A massive explosion and fire at the KMCO chemical plant near Houston killed one worker and badly injured two others Tuesday, March 2, while forcing shelter-in-place orders for nearby communities.
Early results of ongoing investigations of the deadly blast determined that a chemical transfer line ignited a tank full of isobutylene, a highly flammable colorless gas KMCO (pronounced “Chem-Co”) uses in its chemical production.
The explosion occurred around 10:45 in the morning at the KMCO facilities in Crosby, Texas, a few miles northeast of Houston. The blast sent the plant’s 180-plus employees fleeing from the chemical facility and created a giant plume of black smoke that could be seen for miles.
Two Life Flight helicopters airlifted the injured workers to a Houston hospital for treatment. A third Life Flight helicopter went to the scene after a third worker was found, but that person didn’t survive.
The Houston Independent School District and several other schools in the area canceled outdoor activities and maintained a shelter-in-place order for students on campus. The shelter order was lifted by mid-afternoon once the chemical fire was contained.
Residents of nearby communities were also advised to shelter in place, close windows, and shut off air conditioning units. The Texas Commission of Environmental Quality sent air quality vans to affected areas to monitor air pollution.

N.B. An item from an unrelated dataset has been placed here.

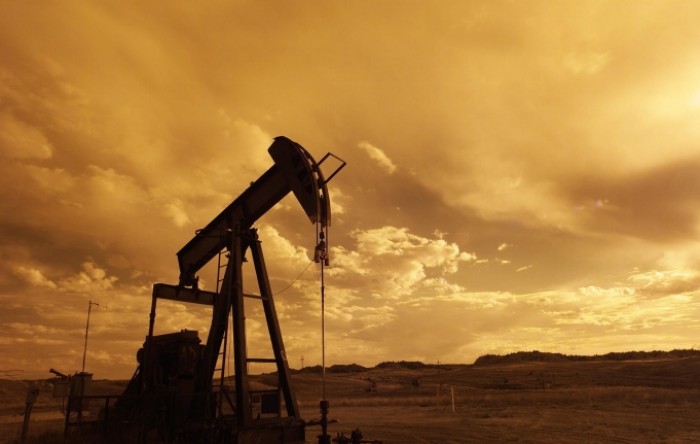 Neočekivano snažan pad američkih zaliha podigao cijene nafte prema 75 dolara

According to the Houston Chronicle, KMCO and its KMTEX facility in nearby Port Arthur, Texas, have a history of environmental and safety violations. The companies, which produce coolant and brake fluid products for the automotive industry in addition to chemicals used in the oilfield industry, have a history of citations and penalties issued by the Environmental Protection Agency (EPA), the Federal Railroad Administration (FRA), and Occupational Safety and Health Administration (OSHA) for violations.

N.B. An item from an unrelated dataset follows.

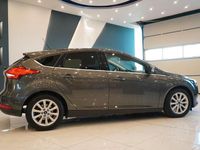 Gebraucht Ford Focus Titanium 125 PS (91 kW) 2017 Grau Limousine
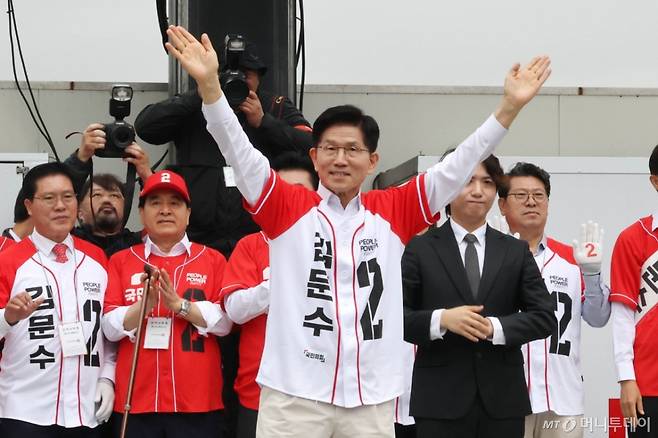 김문수 국민의힘 대선후보가 16일 경기도 수원시 팔달구 지동시장에서 열린 유세에서 시민들에게 지지를 호소하고 있다. (공동취재)  2025.05.16. /사진=뉴시스 /사진=조성봉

Gas, chemical, and industrial waste releases from the KMCO and KMTEX plants have repeatedly disrupted schools and business operations in the Houston area. Harris County sued KMCO in 2008 for chemical spills and fumes that sickened residents. That suit ended the following year with a permanent injunction requiring KMCO to pay $100,000 in civil penalties in addition to allowing investigators quick access to its facilities.

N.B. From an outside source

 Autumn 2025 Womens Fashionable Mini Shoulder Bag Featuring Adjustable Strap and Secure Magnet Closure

More recently, KMCO was criminally convicted of violating the Clean Air Act in 2016, KHOU 11 Investigates found. The company was ordered to pay $3.3 million in criminal fines according to Houston’s KHOU. KMCO also been fined by the Texas Commission of Environmental Quality (TCEQ) 10 times since 1995.
In a statement, KMCO President and CEO John Foley said: “We are deeply saddened to confirm at this time that there have been injuries and one fatality. Those injured have been transported for medical treatment. Our hearts and prayers go out to the individuals involved, as well as our first responders, employees, and our community.”